Dataset section

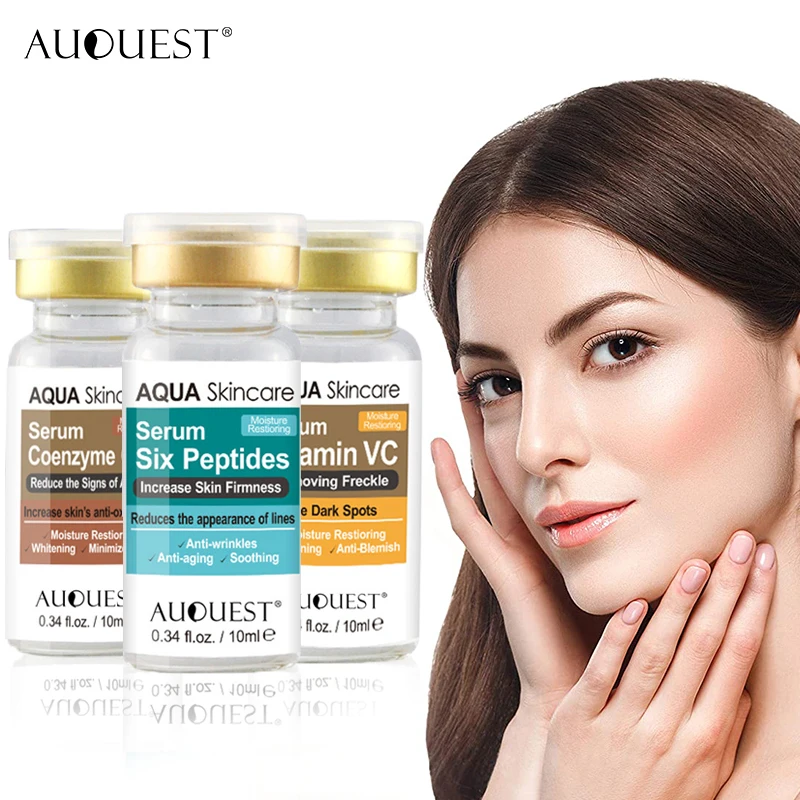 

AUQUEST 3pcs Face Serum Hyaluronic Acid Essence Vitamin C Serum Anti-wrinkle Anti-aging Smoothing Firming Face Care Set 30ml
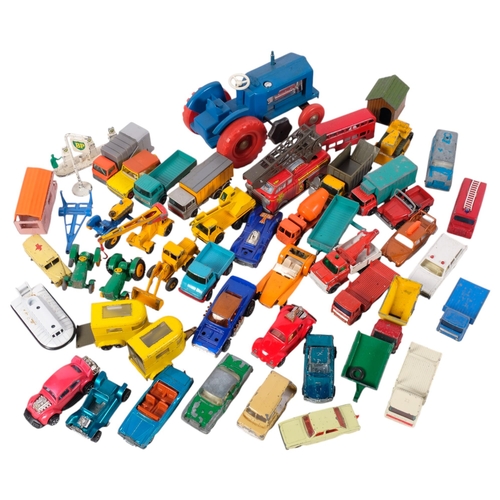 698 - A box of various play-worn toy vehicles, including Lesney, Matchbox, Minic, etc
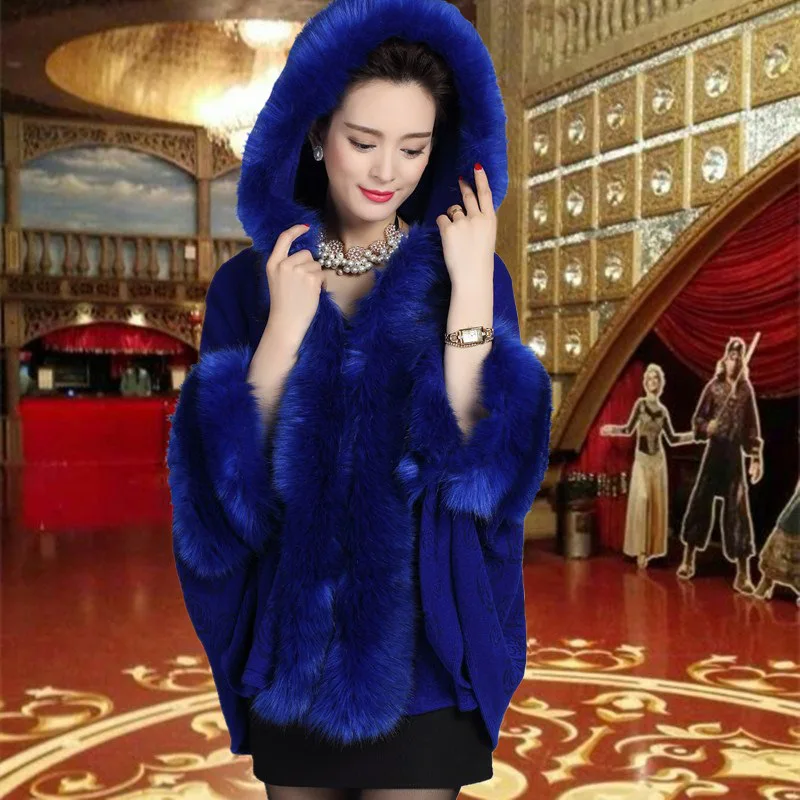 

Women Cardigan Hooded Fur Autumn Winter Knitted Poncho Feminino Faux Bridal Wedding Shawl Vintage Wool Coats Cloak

Work instructions
Without including any picture, set down every line above exactly as it stands.

Written solution
AUQUEST 3pcs Face Serum Hyaluronic Acid Essence Vitamin C Serum Anti-wrinkle Anti-aging Smoothing Firming Face Care Set 30ml
 698 - A box of various play-worn toy vehicles, including Lesney, Matchbox, Minic, etc

Women Cardigan Hooded Fur Autumn Winter Knitted Poncho Feminino Faux Bridal Wedding Shawl Vintage Wool Coats Cloak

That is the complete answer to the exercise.